Think Global, But Drink Local

It’s not just Americans that like American craft beer. The world has caught on, according to a recent PRI news item by Jason Margolis, and they want our tasty beer.

However, the growth of sales has been slowing because shipping beers across an ocean is complicated. As quoted in the Margolis’s story, Casey Kjolhede from New Belgium Brewery says:

The biggest challenge is quality. Our beer tastes best—all beer tastes best—fresh. So you’ve already got time against you going across the ocean.

The whole story is worth a listen, or you can read the transcript if you prefer silence. It’s also worth noting that “craft beer” refers to the “second wave” craft brews, those made by long-established breweries that have not yet been acquired by a global conglomerate. Those beers, I presume, are already available, as they were at this bar where Londoners watched the returns from the 2016 Brexit vote.

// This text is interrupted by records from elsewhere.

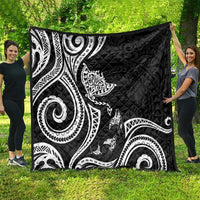 Hawaii Manta Ray Quilt Polynesian Art Tattoo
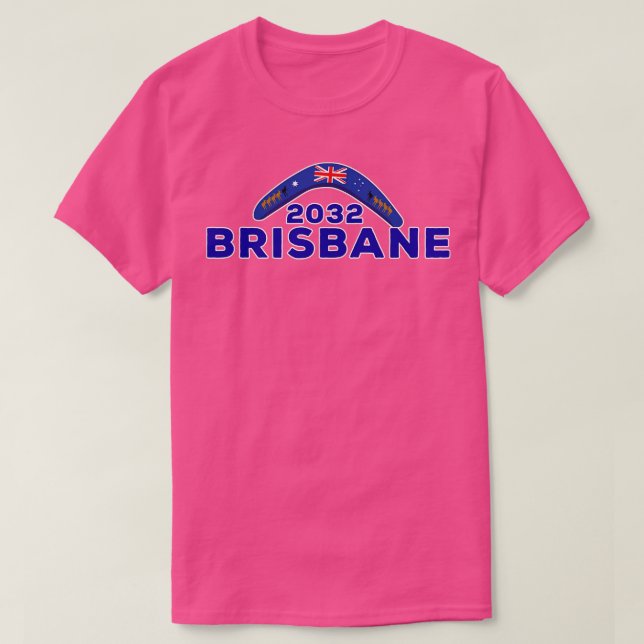 T-shirt Brisbane Australie (Design devant)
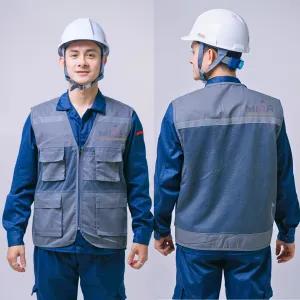 Sản phẩm ao bao go gi xam1_thumb — Bảo Hộ Lao Động Mina - Công Ty Cổ Phần Mina Safety — MST 0109255197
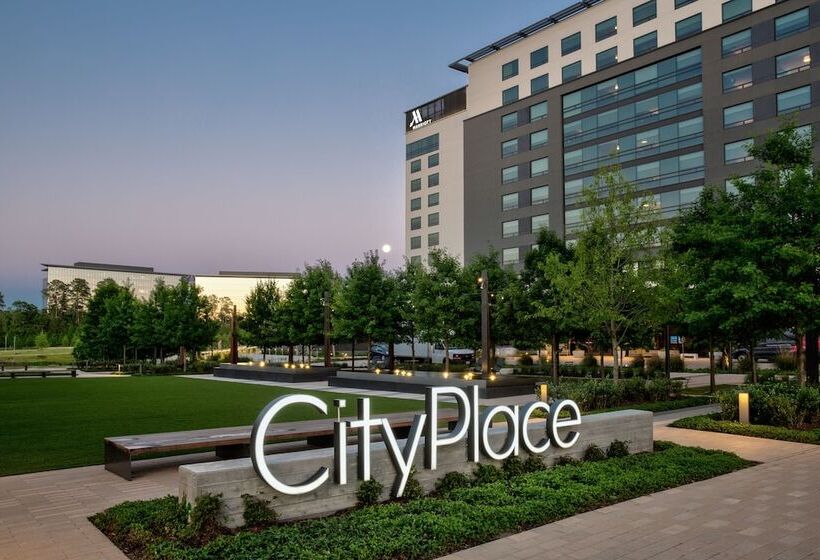 Отель Houston Cityplace Marriott At Springwoods Village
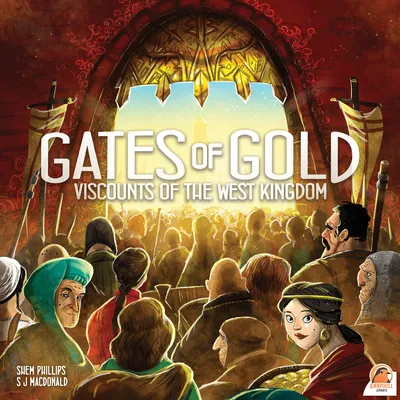 Viscounts Of The West Kingdom Gates Of Gold - Board Game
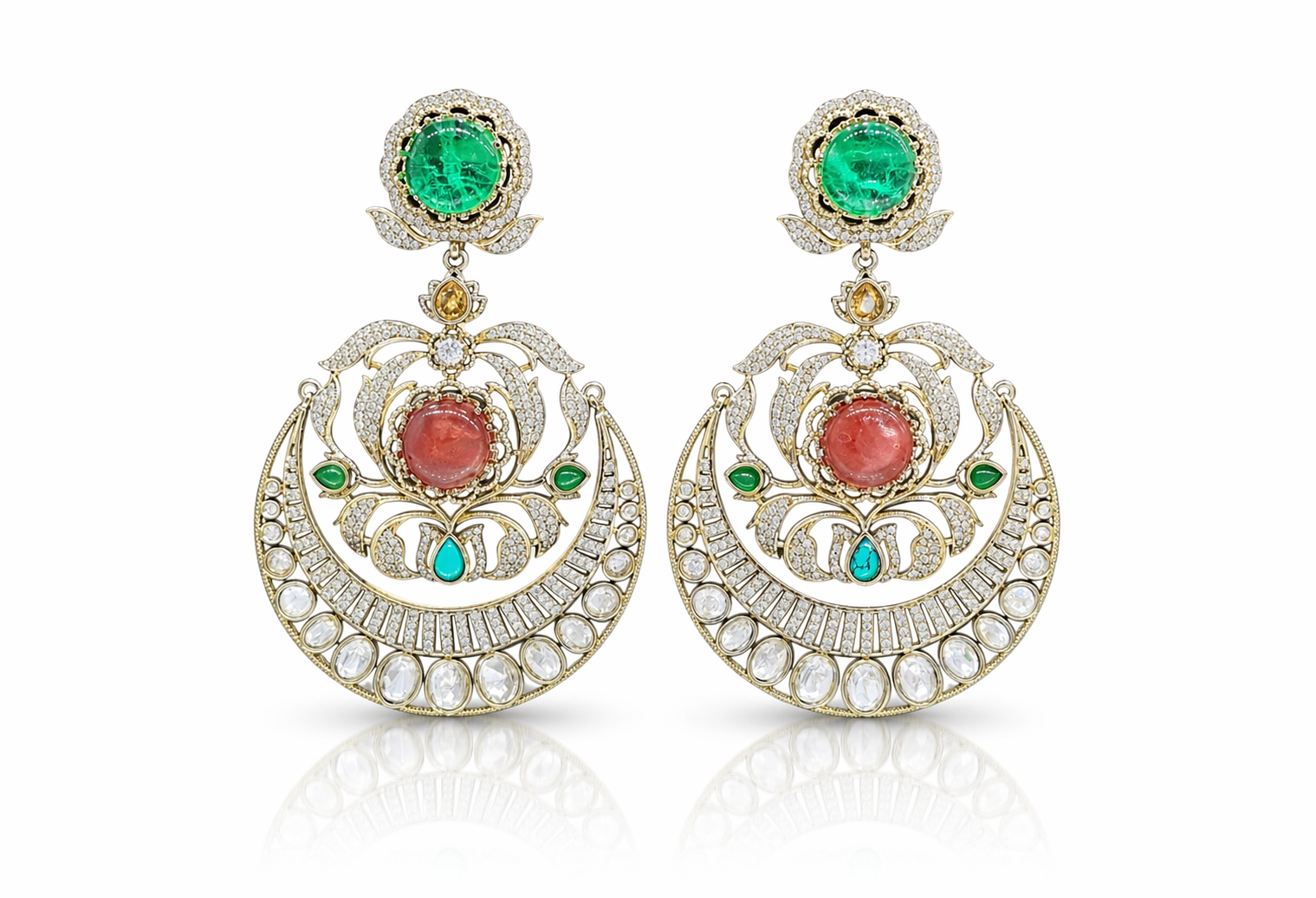 Sabyasachi Earrings 08408 - 20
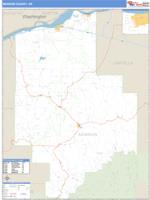 Morrow County, OR Wall Map
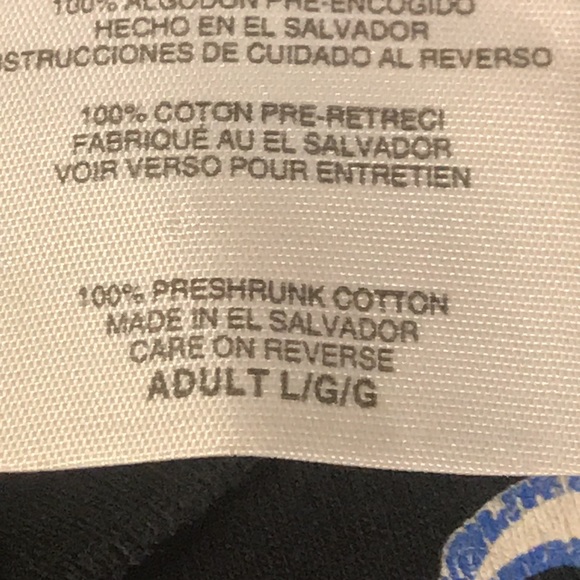 Port & Company brand Byron Nelson T-shirt - Picture 7 of 7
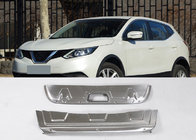 Nissan Qashqai 2014–2021 II-laatu! V2 etu- ja takapuskurin spoilerilipat (ruostumaton teräs) kuva 1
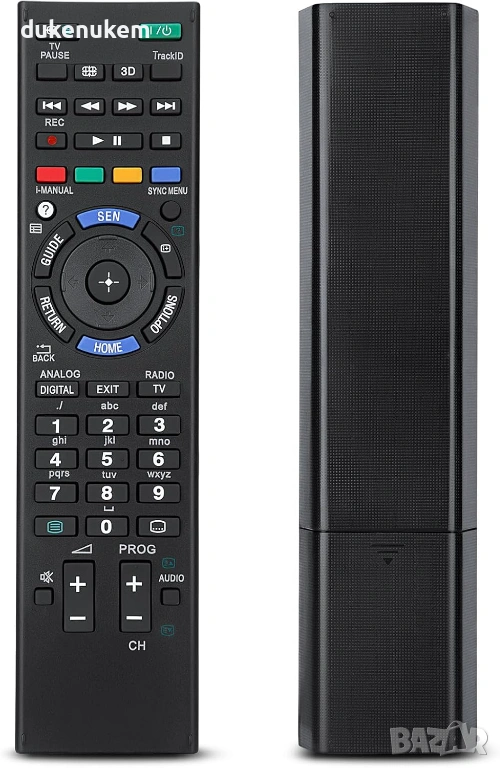 Дистанционно управление за Sony TV Bravia, 4K UHD, LED, LCD и Smart, снимка 1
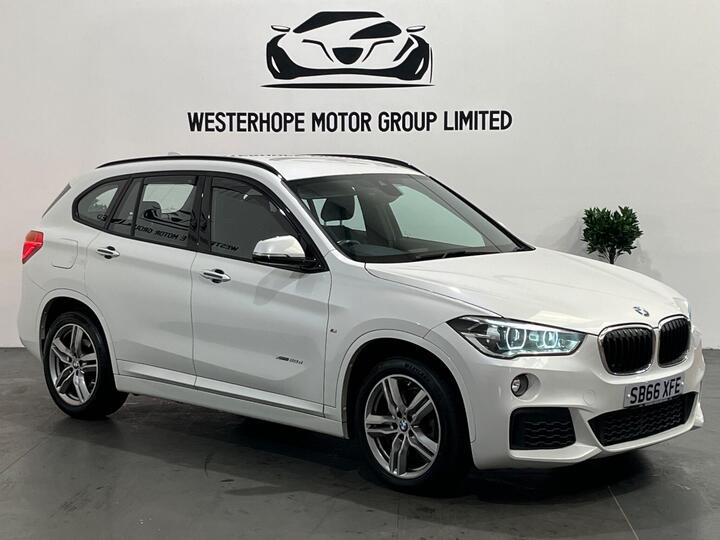 BMW X1 2.0 20d M Sport XDrive Euro 6 (s/s) 5dr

In the top left of Andrew Testa’s photograph for the New York Times, you’ll see a menu of American beers, most of which are of the “craft” variety that you might find at American airports: whatever “Kentucky Bourbon Barrel” beer is, Flying Dog, Goose Island, Rogue, and Blue Moon. I’m not sure what to think of Pabst being in this group. I guess it was “craft” when it earned its Blue Ribbons in 1882 and in 1916.

My takeaway from this story is a version of something I’ve said before on this site: enjoy this golden age of craft beer before it ends.

I’ll also add that you should definitely try beers from your local craft brewery rather than chasing down some exotic beer from a faraway, trendy brewery.

Sure, that beer that you’ve been “ISO” might be a better brew, but if it’s been traveling some distance for a significant amount of time, it might not taste like what the brewer intended.

That happened when a group of Australians drank a Brooklyn beer that was brewed in Australia, not one shipped across the North American continent and the Pacific Ocean. Eric Ottaway with Brooklyn responded to the Aussies’ criticisms, by informing them that “now it tastes like it actually should as opposed to beer that’s been sitting on the water for six weeks.”

Think Global, but Drink Local!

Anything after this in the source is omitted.